And now the “Failure” use case. If the given parser fails, the lookAhead parser should fail, too, so we need a Bad result.

This is simple: we can just use the given parser. In the “Failure” use case, it returns the result Bad ? e. (As a bonus for reusing the given parser, the lookAhead parser returns the same error “e” in the “Failure” use case.)

But we have to make two modifications: first, we want the result to be backtrackable as in the “Success” use case, giving us Bad True e.

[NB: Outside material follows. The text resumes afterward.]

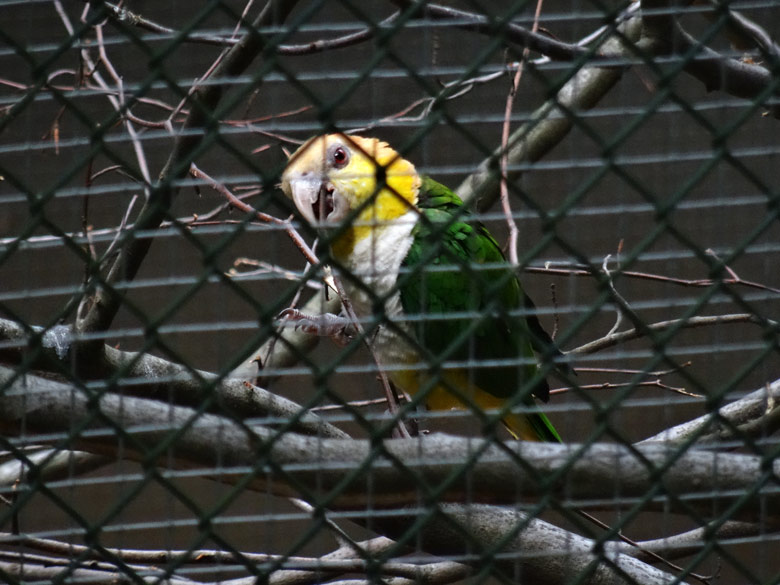 Rostkappenpapagei am 11. Juni 2016 in einer der Außenvolieren des Überwinterungshauses für Vögel im Wuppertaler Zoo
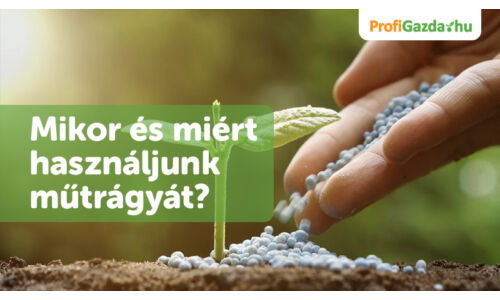 Mikor és miért használjunk műtrágyát?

Second, we have to match the type of the “Success” use case parser: P.Parser (). The given parser is of type P.Parser a, so we have to P.map it to the desired type:

Code:

 1    parser
 2        |> P.backtrackable
 3        |> P.map (\_ -> ())

Results:

 # │ Code                               │ Success        │ Failure          │
───┼────────────────────────────────────┼────────────────┼──────────────────┤
 1 │ parser                             │                │ Bad ? e          │
 2 │ |> P.backtrackable                 │                │ Bad True e       │
 3 │ |> P.map (\_ -> ())                │                │ Bad True e       │

(Line 3 changes the type of the parser.)

Good. Now that we know what we’d like to return, let’s put this into the placeholders of the previous code!

All Together Now

Here’s the code from above with the placeholders replaced by the parsers we just found:

Code:

 1    P.oneOf
 2        [ P.oneOf
 3            [ parser
 4                |> P.backtrackable
 5                |> P.andThen (\_ -> P.commit ())
 6                |> P.andThen (\_ -> P.problem "")
 7            , parser
 8                  |> P.backtrackable
 9                  |> P.map (\_ -> ())
10            ]
11            |> P.backtrackable
12        , P.succeed ()
13        ]

Lines 7-9 contain the parser for the “Failure” use case, line 12 the parser for the “Success” use case.

Results:

 # │ Code                               │ Success        │ Failure          │
───┼────────────────────────────────────┼────────────────┼──────────────────┤
 3 │ parser                             │ Good ? a       │ Bad ? e          │
 4 │ |> P.backtrackable                 │ Good True a    │ Bad True e       │
 5 │ |> P.andThen (\_ -> P.commit ())   │ Good False ()  │ Bad True e       │
 6 │ |> P.andThen (\_ -> P.problem "")  │ Bad False ""   │ Bad True e       │
   │                                    │                │                  │
 7 │ parser                             │                │ Bad ? e          │
 8 │ |> P.backtrackable                 │                │ Bad True e       │
 9 │ |> P.map (\_ -> ())                │                │ Bad True e       │
   │                                    │                │                  │
 2 │ P.oneOf [ {3-6}, {7-10} ]          │ Bad False ""   │ Bad True e       │
11 │ |> P.backtrackable                 │ Bad True ""    │ Bad True e       │
   │                                    │                │                  │
12 │ P.succeed ()                       │ Good True ()   │                  │
   │                                    │                │                  │
 1 │ P.oneOf [ {2-11}, {12} ]           │ Good True ()   │ Good True ()     │

Hmm. Do you see the problem? The “Success” use case works, but the “Failure” use case doesn’t. It doesn’t yield the desired result.

Why is this happening?

The problem is that the P.oneOf in line 1 acts on every backtrackable Bad result. If you look at the results of line 11, you can see that we have backtrackable Bad results in both use cases, and therefore we get the result of line 12 in both use cases

It wouldn’t help if we chose a not backtrackable Bad as the result of line 9, because line 11 would make it backtrackable again.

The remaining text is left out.